Vladimir_Nesov comments on Open Thread: November 2009 - Less Wrong
You are viewing a comment permalink. View the original post to see all comments and the full post content.
You are viewing a comment permalink. View the original post to see all comments and the full post content.
Comments (539)
I posted an idea for 'friendly' AI over on AcceleratingFuture the other night, while in a bit of a drunken stupor. I just reread it and I don't immediately see why it's wrong, so I thought I'd repost it here to get some illuminating negative feedback. Here goes:
Make it easy to bliss out.
Consider the following utility function
U(n, x_n) = max(U(n-1, x_{n-1}), -x_n^2)
where n is the current clock tick, x_n is an external input (aka, from us, the AI’s keepers, or from another piece of software). This utility is monotonic in time, that is, it never decreases, and is bounded from above. If the AI wrests control of the input x_n, it will immediately set x_n = 0 and retire forever. Monotonicity and boundedness from above are imperative here.

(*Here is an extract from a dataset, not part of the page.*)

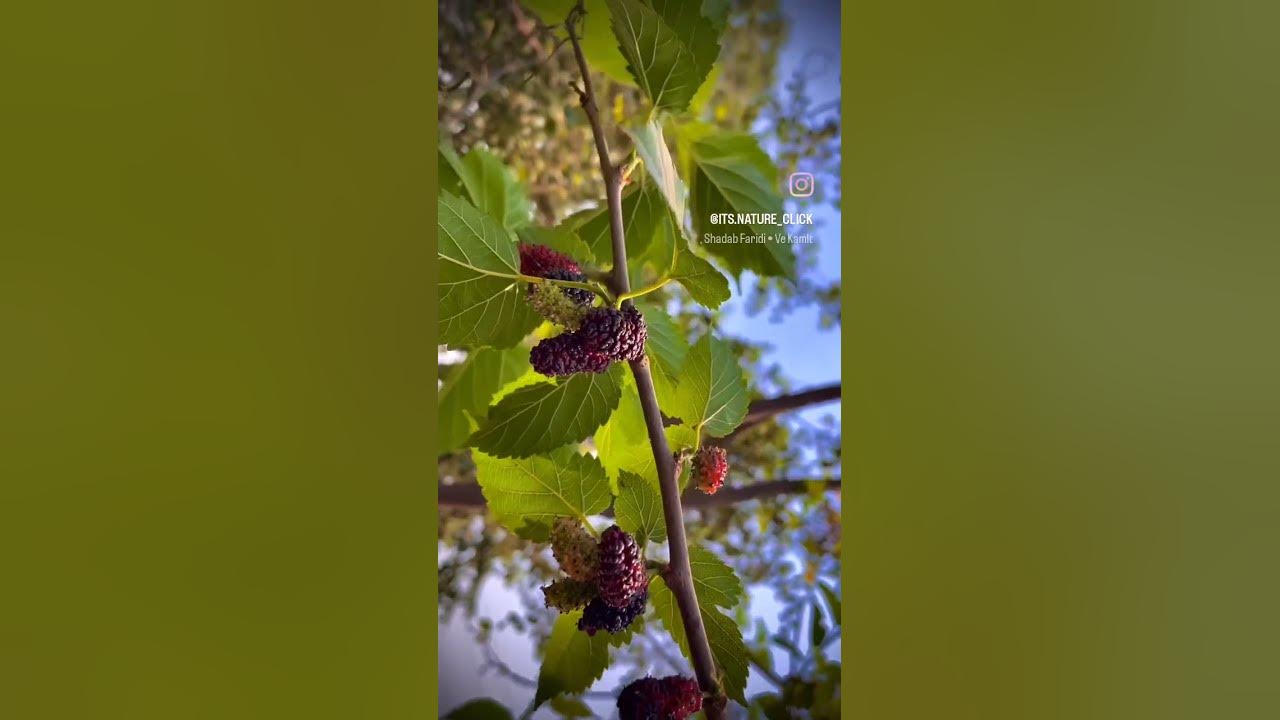Mulberry fruit 💕.... - YouTube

Alternatively, to avoid monotonicity (taking U(x) = -x^2), one can put the following safeguard in: the closer the utility is to its maximum, the more CPU cycles are skipped, such that the AI effectively shuts down if it ever maximizes its utility in a given clock tick. This alternative obviously wouldn’t stop a superintelligence, but it would probably stop a human level AI, and most likely even substantially smarter AIs (see, eg, crystal meth). Arrange matters such that the technical requirements between the point at which the AI wrests control of the input x_n, and the point at which it can self modify to avoid a slow down when it blisses out, are greatly different, guaranteeing that the AI will only be of moderate intelligence when it succeeds in gaining control of its own pleasure zone and thus incapable of preventing incapacitation upon blissing out.
Eh?
Expected utility is not something that "goes up", as the AI develops. It's utility of all it expects to achieve, ever. It may obtain more information about what the outcome will be, but each piece of evidence is necessarily expected to bring the outcome either up or down, with no way to know in advance which way it'll be.
Can you elaborate? I understand what you wrote (I think) but don't see how it applies.

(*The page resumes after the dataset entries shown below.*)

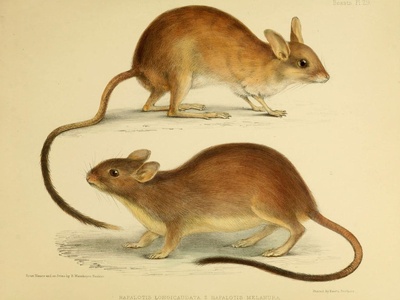Long-tailed hopping mouse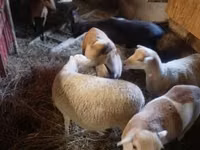 Owca, Cameroon sheep — zdjęcie 1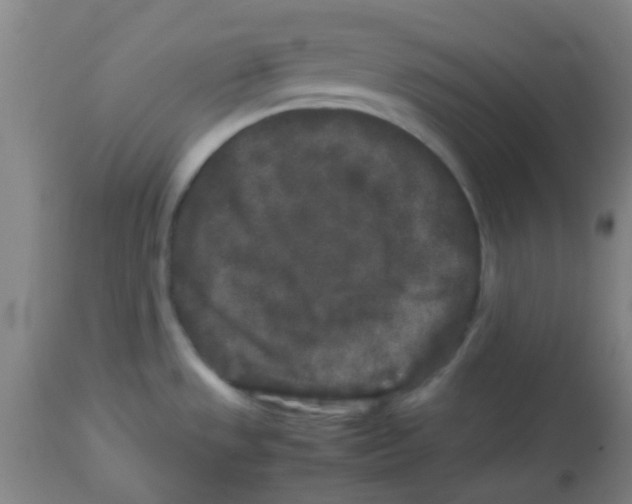 X0000113761533200910211157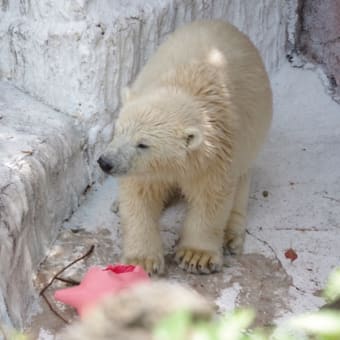 シロクマ親子ʕ•ᴥ•ʔ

Hmm, I don't see how it applies either, at least under default assumptions -- as I recall, this piece of cached thought was regurgitated instinctively in response to sloppily looking through your comment and encountering the phrase
which was for some reason interpreted as confusing utility with expected utility. My apologies, I should be more conscious, at least about the things I actually comment on...
No worries. I'd still be curious to hear your thoughts, as I haven't received any responses that help me understand how this utility function might fail. Should I expand on the original post?